Table 4.4 shows the percentage of used resources (LUTs, LRAMs, and BRAMs) for the two implementations. Furthermore, the percentage of LUTs represents mapped compute operations, whereas LRAMs shows how many LUTs were used for memory operations. We can see how the use of Reticle's srom instruction results in the utilization of 36.46% (BRAMs) available in the device compared to the Verilog generated by PyRTL, which uses only 4.49% (LRAMs). The benefit of choosing BRAMs over LUTs represents a 5× speedup in the whole program for a cost of 36.46% (BRAMs) available in the device.

# Chapter 5

# **Related Work**

In this dissertation, we focus on the tasks of designing programming abstractions and evaluating efficient compilation techniques for modern FPGAs. We explore the architectural features, based on compute and memory operations, present in FPGAs today and show how these operations can be expressed more efficiently in an intermediate language called Reticle. Additionally, we demonstrate how to compile programs written in this language into FPGA primitives, including their physical locations.

Interestingly, there has been a large amount of work done in the space of languages and compilers for FPGAs. Programs written for these reconfigurable devices have been traditionally described using hardware description languages, and compiled into FPGA primitives by a process called hardware synthesis. First, we discuss work on programming languages for the task of hardware programming. Then, we talk about prior work on compiling hardware descriptions, including layout, for FPGAs.

# 5.1 Programming Languages for FPGAs

In the early days, the main purpose for FPGAs was emulating arbitrary hardware circuits. Hardware designers used FPGAs to prototype their architectures i.e., processors and evaluate software programs running on top it, due to the fact that simulating complex hardware designs i.e., CPUs took considerable amount of computing time [TQC<sup>+</sup>15]. Therefore, the languages used for programming FPGAs have been always related to the ones used for designing a silicon device (ASIC), regardless of all the architectural advancements in FPGAs over the last three decades [Tri15, Xil20c]. The following discussion is based on work done in the area of programming languages for FPGAs.

# 5.1.1 Hardware Description Languages

The Verilog language was designed back in 1984, and to this date, it is the most widely used language for programming hardware [FMG<sup>+</sup>20]. Originally, Verilog was a proprietary HDL that led to the creation of VHDL, a royalty-free hardware language that became an IEEE standard in 1987 [FMG<sup>+</sup>20]. The Verilog language, however, eventually dominated the market and became the standard source language for describing hardware that every FPGA toolchain uses today.
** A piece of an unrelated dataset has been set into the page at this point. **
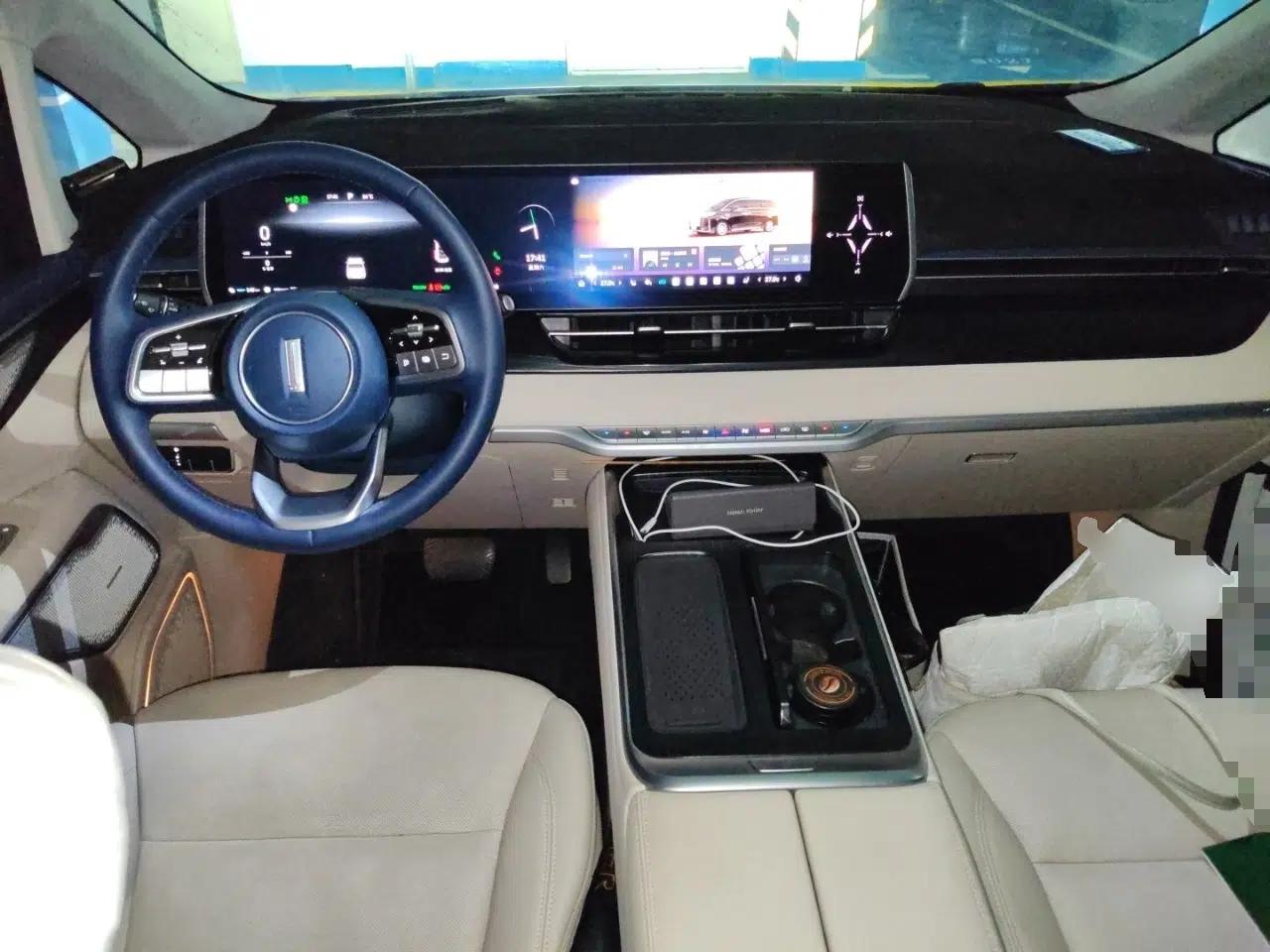 Wey Gaoshan 2023 Four-Wheel Drive Flagship Edition — миниатюра 10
Therefore, other languages designed over the last couple of decades had to eventually be compiled down to Verilog in order to compile a binary that can program the device. Interestingly, the design of the Verilog language was highly inspired by C [FMG<sup>+</sup>20] but adapted to capture circuits semantics. Specifically, the programming abstraction is based on data operations flowing through registers known as the register-transfer level (RTL) abstraction. Furthermore, this abstraction requires programmers to define the behavior of a given hardware circuit for every clock cycle.

A range of recent domain specific languages, based on the RTL abstraction, have emerged aiming to improve productivity compared to Verilog. For example, Chisel [BVR<sup>+</sup>12], PyRTL [DTS20], and PyMTL [JPOB20] were designed to improve the hardware programming experience by leveraging features available in the host language such as collections, decorators, and type systems. On the other hand, there is work on automating the scheduling complexity required by RTL-based languages, called Bluespec [Nik04]. This language provides a simpler concurrency model, based on rules that are scheduled by a compiler instead of a programmer. The design goal of the Bluespec language is to allow formal reasoning without compromising performance of the resulting hardware programs [BPCCA20].

All of these languages, however, target the semantics of the Verilog language, which were designed to express behavioral descriptions of low-level circuits. This approach works great when designing a silicon chip, but it falls short for efficiently programming specialized hardware primitives in a device, which it is the case for FPGAs. For example, there is no mechanism available to express vector operations *behaviorally* in the Verilog language, therefore, programs written in Verilog cannot use vector units (SIMD) available in state-of-the-art FPGAs. In this work, I focus on designing programming abstractions, specifically for FPGAs, that can be used to address the expressiveness challenges present in traditional HDLs.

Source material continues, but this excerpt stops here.